So my friends and I have been managing CentOS for the past couple of years in an effort to save money and have autonomy from private hosting services. After being port-forwarded, our most recent server quickly caught the attention of a scraper. Brute-force attacks soon followed, and su - reports like this were a daily occurance:
I implemented fail2ban ASAP (as everyone should), and before long the daily attacks began to diminish, flooring at ~10 a week. I concluded that this botnet must be astronomical, and I wanted to see just where these attacks were being distributed from.

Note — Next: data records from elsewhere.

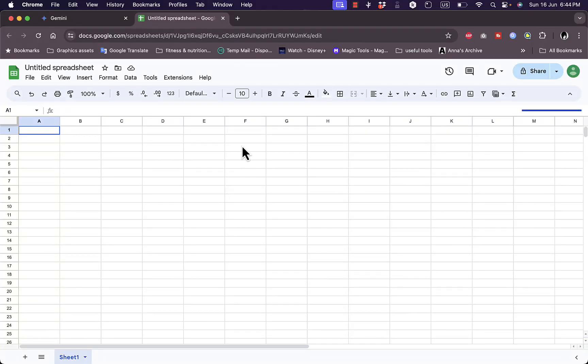What's up everyone, in this video I'll show you how to use Gemini, Google Gemini, in Google Sheets.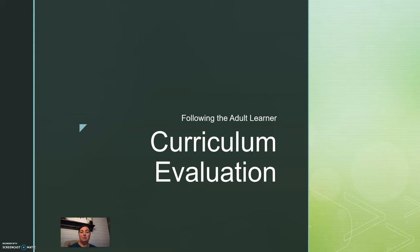Hi and good afternoon. My name is Neoka Hambrick and I will be discussing curriculum evaluation following the adult learner. This will take students from the point where they are sitting through a course and then finding out through formative evaluation as well as summative evaluation if they have retained this information and what is the success of this student for mobility purposes.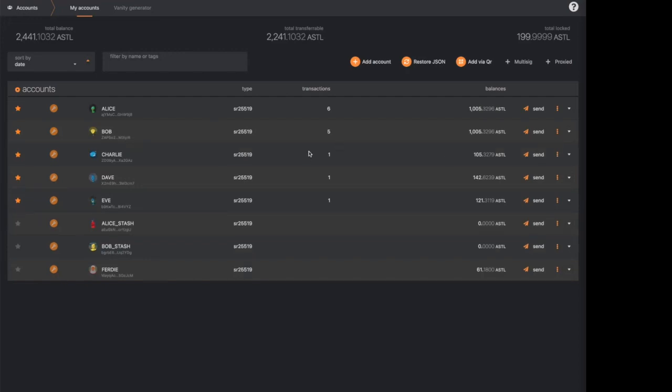And I think this is all for this presentation. More to come very soon together with the front end. So keep tuned. Thank you. Bye.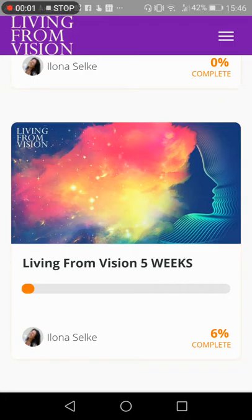In this short demo video I will show you how you can work with the online course and mark particular segments you're working on as completed, so you stay motivated and feel supported and stay for the long haul.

Sean and I began to whip up a means to find this out.
Pipng the list of banned IPs from fail2ban-client status sshd, we wrote a simple script to convert these IPv4 addresses to geolocation using the freegeoip API. This data was then parsed by mapdraw to populate a navigatible map.
Then again with a month and a half worth of data and fresh coat of paint. . .
Python is well and good for afternoon-sprint projects, but having to install huge dependencies on everyone's machine is a hastle. Better to move towards a Web stack.
This employed a FrontEnd D3js library, DataMaps. Its cross-platform accessability, high resolution SVG map and plot labels(!!!) were significant improvements over the previous implementation. This also featured a cleaner, low-light color scheme.
Will continue to post more information as it comes.